The first choice is T-DM1, which is not yet available in China and is an antibody-coupled drug that combines both trastuzumab and an anti-microtubulin drug.
When T-DM1 is not available, trastuzumab combined with another cytotoxic agent, such as a paclitaxel, or another multi-targeted targeted agent, lapatinib, in combination with oral chemotherapy, capecitabine, or lapatinib can be added to trastuzumab, another dual-targeted therapy.
Is it possible to interrupt targeted therapy?

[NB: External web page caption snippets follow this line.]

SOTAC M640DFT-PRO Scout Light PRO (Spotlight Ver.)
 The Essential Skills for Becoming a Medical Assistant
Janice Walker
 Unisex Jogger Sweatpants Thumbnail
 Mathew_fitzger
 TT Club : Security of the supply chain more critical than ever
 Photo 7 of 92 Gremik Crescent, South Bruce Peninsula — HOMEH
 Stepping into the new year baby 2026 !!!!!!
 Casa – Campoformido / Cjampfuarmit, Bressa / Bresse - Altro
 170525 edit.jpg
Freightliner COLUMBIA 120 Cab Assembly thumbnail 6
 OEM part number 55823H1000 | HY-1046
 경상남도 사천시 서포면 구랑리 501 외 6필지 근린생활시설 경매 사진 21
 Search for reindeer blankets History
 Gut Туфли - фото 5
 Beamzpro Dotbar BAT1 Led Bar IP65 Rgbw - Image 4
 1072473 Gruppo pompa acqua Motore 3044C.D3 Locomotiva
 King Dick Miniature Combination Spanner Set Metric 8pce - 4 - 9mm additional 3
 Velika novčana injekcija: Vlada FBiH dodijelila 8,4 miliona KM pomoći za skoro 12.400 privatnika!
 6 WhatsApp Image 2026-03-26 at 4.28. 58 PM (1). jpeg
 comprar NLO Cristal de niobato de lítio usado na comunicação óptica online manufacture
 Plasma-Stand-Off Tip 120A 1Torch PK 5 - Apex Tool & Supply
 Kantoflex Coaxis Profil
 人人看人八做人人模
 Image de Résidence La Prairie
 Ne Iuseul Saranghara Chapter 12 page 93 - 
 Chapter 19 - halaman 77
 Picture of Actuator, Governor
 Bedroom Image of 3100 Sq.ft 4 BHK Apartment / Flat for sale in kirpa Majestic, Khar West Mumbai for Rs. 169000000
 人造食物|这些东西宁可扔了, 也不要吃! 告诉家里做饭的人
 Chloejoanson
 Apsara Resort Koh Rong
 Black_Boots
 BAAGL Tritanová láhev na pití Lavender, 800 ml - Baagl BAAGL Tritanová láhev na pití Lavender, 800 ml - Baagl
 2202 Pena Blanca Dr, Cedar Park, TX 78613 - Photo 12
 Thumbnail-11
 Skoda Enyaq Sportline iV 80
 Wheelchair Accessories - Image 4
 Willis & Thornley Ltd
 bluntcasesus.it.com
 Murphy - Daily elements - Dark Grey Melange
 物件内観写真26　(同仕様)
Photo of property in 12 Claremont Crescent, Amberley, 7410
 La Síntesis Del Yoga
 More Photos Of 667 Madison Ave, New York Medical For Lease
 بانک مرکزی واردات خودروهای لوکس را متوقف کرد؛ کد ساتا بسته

Targeted therapies are expensive, and in order to strike a partial balance between financial stress and efficacy, a temporary interruption of therapy may be considered if the tumor is in complete remission for several years after treatment, followed by targeted therapy if it progresses again.
For those with an interval between discontinuation of trastuzumab and relapse greater than 12 months, the tumor is considered relatively sensitive to response to targeted therapy, so the physician may prefer trastuzumab, or dual-targeted therapy with trastuzumab and patuximab in combination with chemotherapeutic agents. If the interval between recurrences is no more than 12 months, indicating that they are progressing more rapidly, other anti-HER-2 regimens are usually chosen for treatment.